On the feed water side, further heat exchanges 26, 27 are connected parallel or in series to the exhaust gas heat exchanger 23. These heat exchangers are heated in a manner known in the art by bleeder steam from the steam turbine. The steam generated in the steam generator 9 flows in the superheated state through a live-steam line 28, into the high-pressure part of the steam turbine 29. The steam is returned from there to the steam generator 9 for reheating and is fed through a steam line 30 to the low-pressure part of the steam turbine 29. From the low-pressure part of the steam turbine 29, the steam flows into a condenser 31, is condensed there and is fed back again into the feedwater tank 24 by way of a pump 32 and the heat exchanger 27. The electric current is generated in generators 33 and 34.

Connecting the air decomposition device 6 to the air compressed in the compressor 15 has the advantage that the compressor of the gas process is utilized simultaneously for supplying the air required for the air decomposition device 6. Because of the larger output of the compressor 15, the efficiency for the precompression of the air is therefore higher than if a separate compressor were used. The special advantage of a reduction of the volume of the gas purification device 18, while at the same time improving the cooling of the fuel gases produced in the gasification device 2, is obtained, however, by the air decomposition device 6 in conjunction with the heat exchanger 4 for heating the nitrogen and feeding the nitrogen into the gas stream.
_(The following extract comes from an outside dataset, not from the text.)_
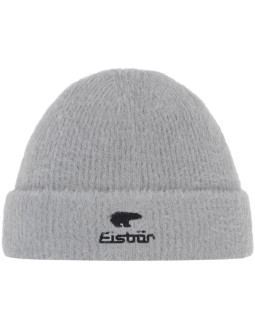Czapka eisbar mana mü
The nitrogen can be added to the gas stream as desired before or after the charged steam generator 9. Feeding the nitrogen in behind the charged steam generator, however, has the advantage that fewer nitrogen oxides are formed.

Claims

1. Combined gas-steam power plant, comprising means for carrying out a gasification reaction at overpressure between oxygen and fuel fed to said gasification means, a heat exchanger and a charged steam generator disposed down stream of said gasification means in flow direction of fuel gas generated by said gasification means, a gas turbine receiving a flue gas stream from said steam generator, an air decomposition device having a first outlet line carrying oxygen to said gasification means and a second outlet line carrying nitrogen through said heat exchanger to said gas stream between said steam generator and gas turbine.

2. Power plant according to claim 1, including a compressor driven by said gas turbine, and means for delivering air to said air decomposition device from a point down stream of said compressor.

3. Power plant according to claim 1, including a gas purification device disposed down stream of said heat exchanger in flow direction of the fuel gas, and a plurality of further heat exchangers disposed between said first-mentioned heat exchanger and said gas purification device for step-wise cooling of fuel gases.

4. Power plant according to claim 1, including an expansion turbine disposed down stream of said purification device, and further compressors driven by said expansion turbine and disposed in said first and second outlet lines.